Web page caption snippets

..........

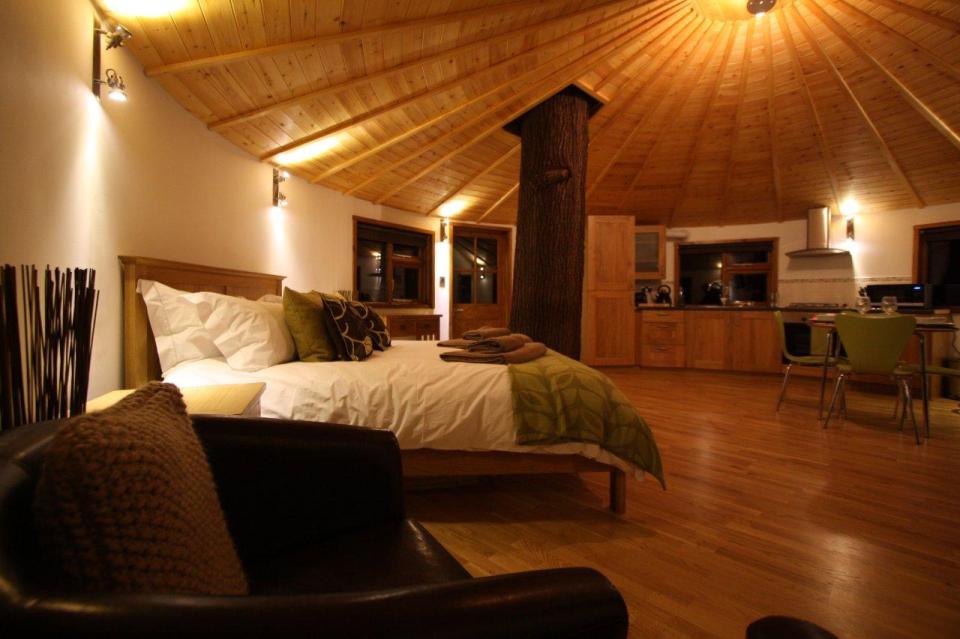 A rope bridge over a pond leads to the Bensfield Treehouse, equipped with a full kitchen and bathroom. | www.facebook.com/SmallHouseBliss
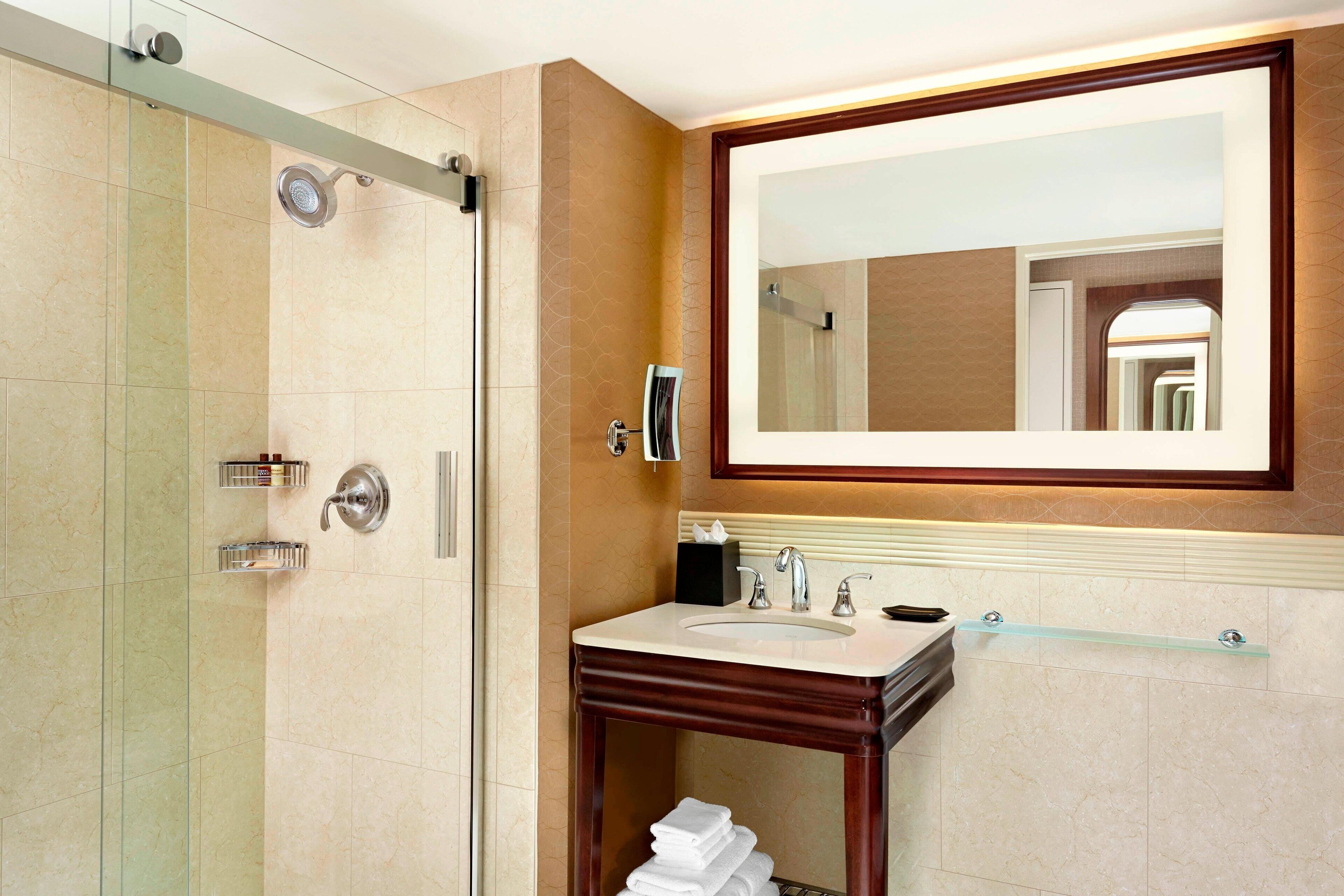 A modern bathroom with a glass shower enclosure, a vanity with a sink, and a large mirror.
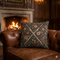 A square decorative throw pillow with a floral tapestry pattern and crossed swords, resting on a brown leather tufted armchair in front of a warm fireplace.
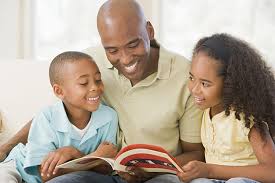 father reading with children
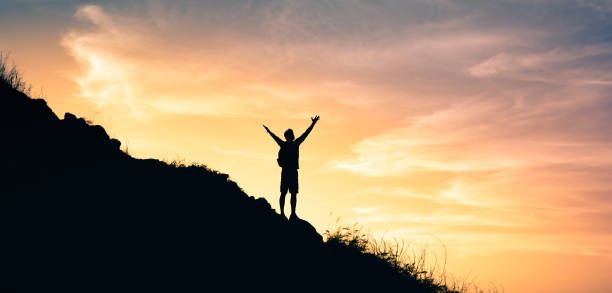 istock Male hiker standing outdoors with arms wide open. 1321547269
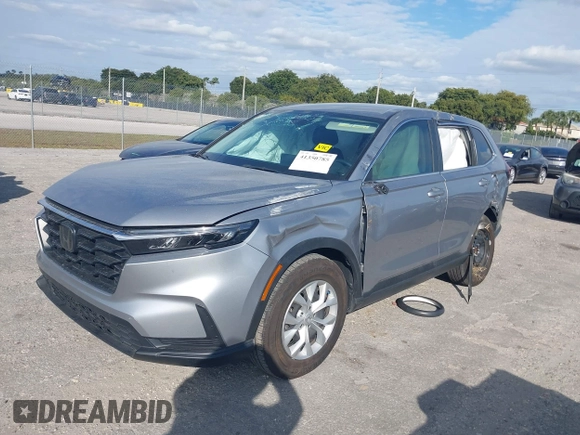 2024 Honda CR-V LX with VIN 2HKRS3H21RH308688, listed as a IAAI auction lot 41350785 with 19,835 mi miles and . Bid and sale history available at DreamBid. Image 2.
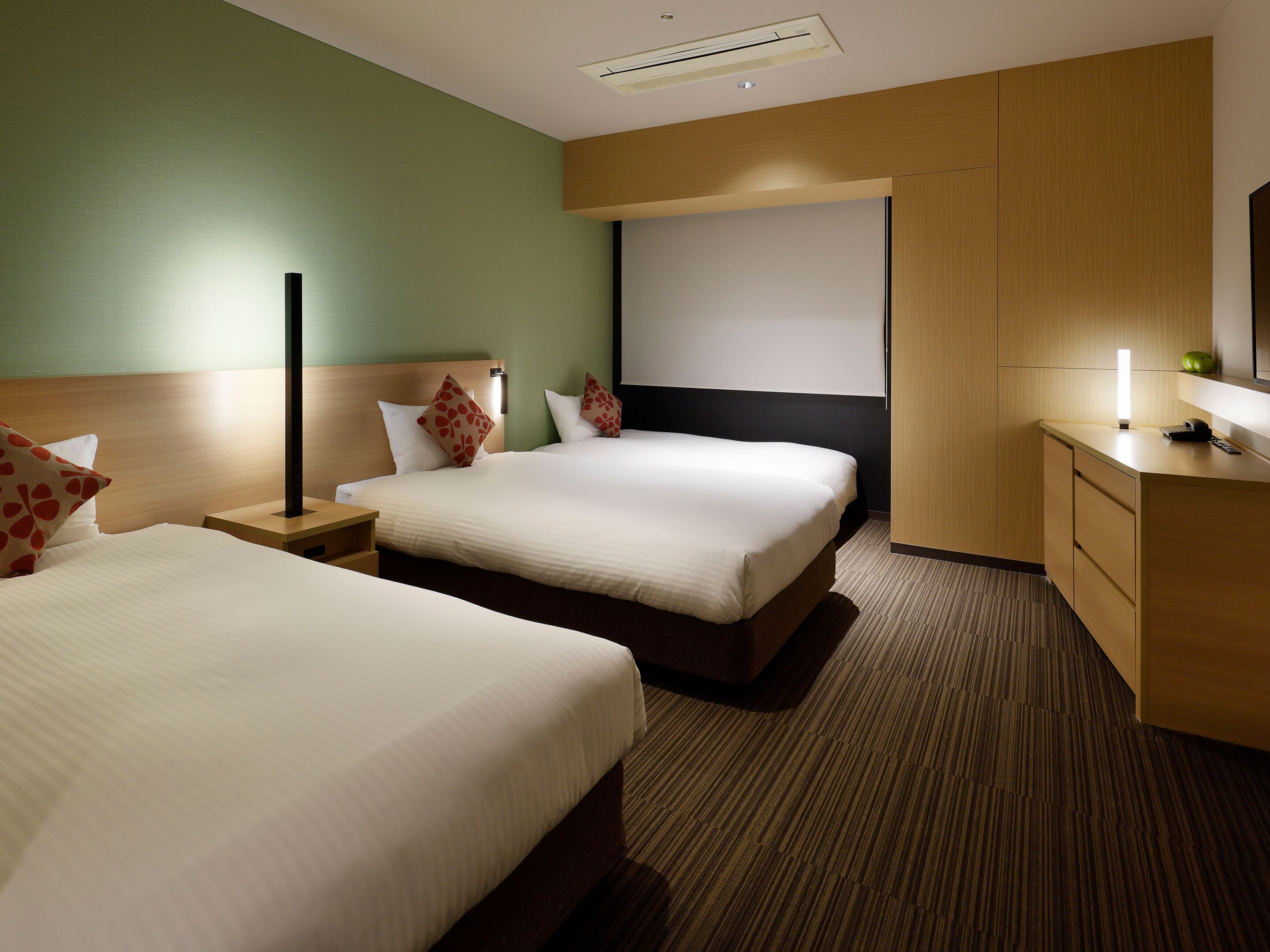 A hotel room with two beds, a desk, a mirror, and a wall-mounted TV.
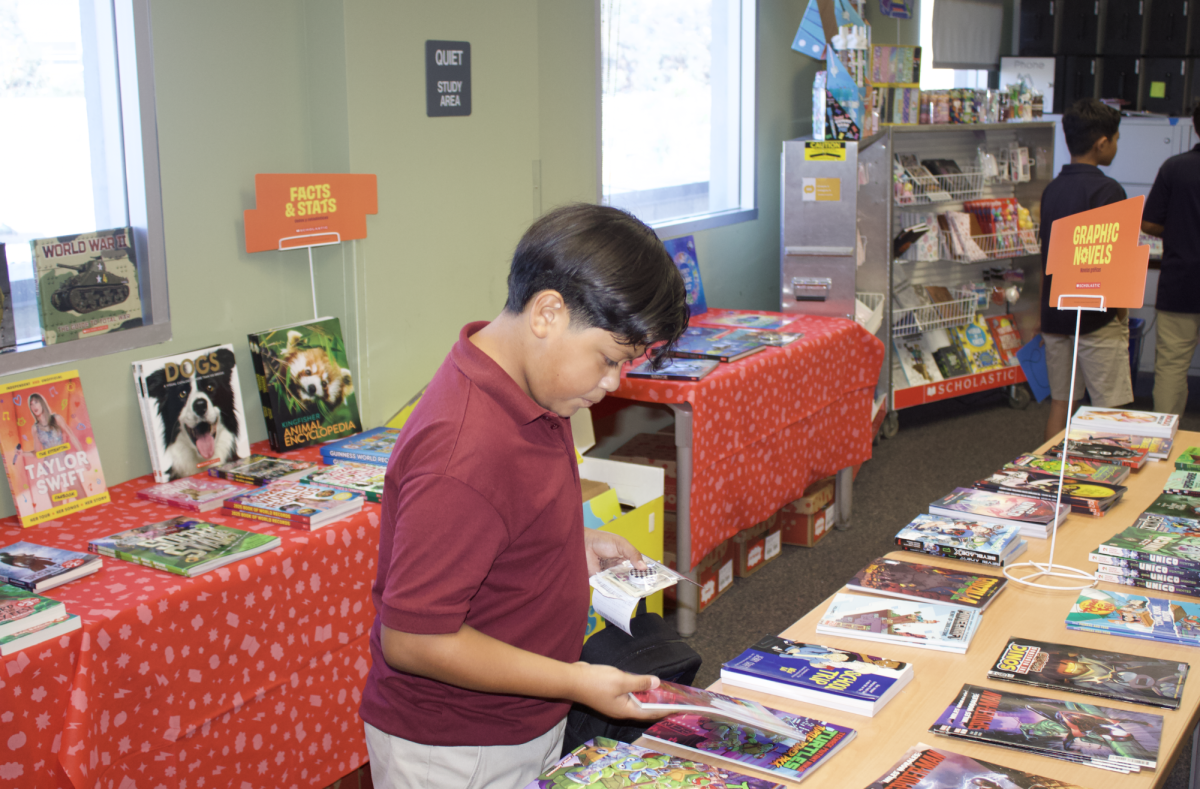 Middle schooler skimming through books while shopping at the Book Fair.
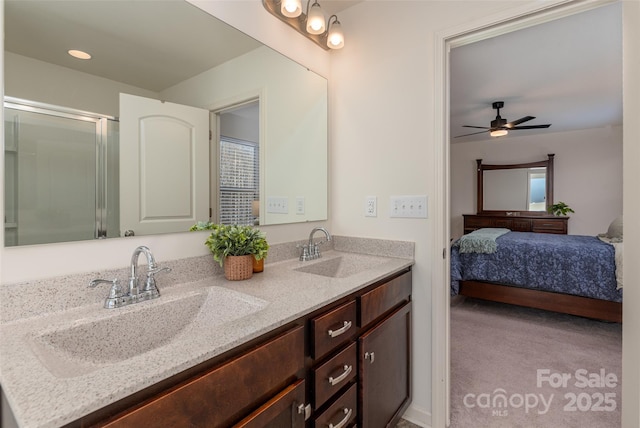 bathroom featuring vanity and ceiling fan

..........

* _REQUIREMENT_:
Exactly the lines from the one containing "Middle schooler skimming" to the end of the records above, both end lines included, are to be printed, and no pictures with them.

* _SOLUTION TO THIS PROBLEM_:
 Middle schooler skimming through books while shopping at the Book Fair.
 bathroom featuring vanity and ceiling fan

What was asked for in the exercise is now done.